A happy ending depends on where you stop telling the story.
Sometimes I think that fiction is soothing because it posits there are solutions in this world, rather than just practices. You can do a thing and get to the end of it and have it be finished for good.
And in the real world there is so very rarely any such thing as closure, as things that end rather than transforming, changing, coming back in a different guise. The murder isn’t solved when the murderer is unmasked: there’s manhunts and arrests and trials and reasonable doubt and police corruption and appeals to get through. In Agatha Christie the murderer is just as likely to nip off and die by suicide as they ever are to come to trial, because it provides closure and a place to stop the book.

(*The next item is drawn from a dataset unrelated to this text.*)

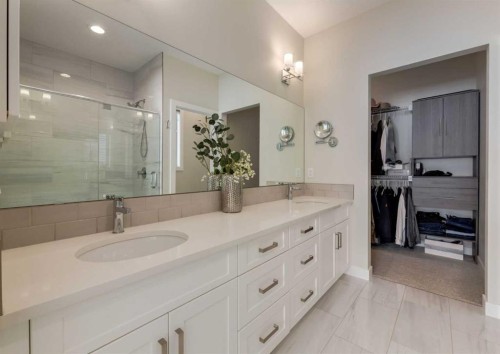 60 Crestbrook View Sw, Calgary, AB - Indoor Photo Showing Bathroom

Meanwhile, here we are in the real world repairing roofs and mowing lawns and getting the house painted and weeding the fucking garden because the garden has to be weeded not just once and then it’s done forever, it turns out. No, you have to get out there every week or so and weed. Or else the weeds just kind of win.
A friend of mine likes to quote that “entropy requires no maintenance,” which always makes me think that entropy is thereby revealed as the only thing that requires no maintenance. Everything else, you’re constantly chipping away at, trying to keep the sea and the wind from leveling everything—at least in your own lifetime.

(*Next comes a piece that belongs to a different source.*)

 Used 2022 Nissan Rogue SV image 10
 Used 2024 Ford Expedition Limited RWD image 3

And in fiction, there is no entropy. Not really. When things break in books they break for reasons. Sometimes that reason is just to show that life is arbitrary and unfair and heroes die. but more often it’s thematic, or serves a plot purpose, and I think that is part of why fiction is such an escape.
We’re creatures that crave an orderly universe even as we live in one where one of the great truths is that things don’t happen for a reason, they just happen.
Because entropy requires no maintenance, everything we do becomes a practice, and a practice in the face of frustrating setbacks. It’s one reason, I suppose, why yoga or meditation can be so helpful for one’s mindset. They remind us that what we do (chop water, carry wood, as the joke about New England in the winter goes.) doesn’t have to have a permanent outcome—as much as I would like for what I do to be one and done, come summer the lawn is going to need mowing again and the bushes will need trimming.
And not just one and done either, but on a regular and repeating basis. So unfair.
It’s something to bear in mind, I guess.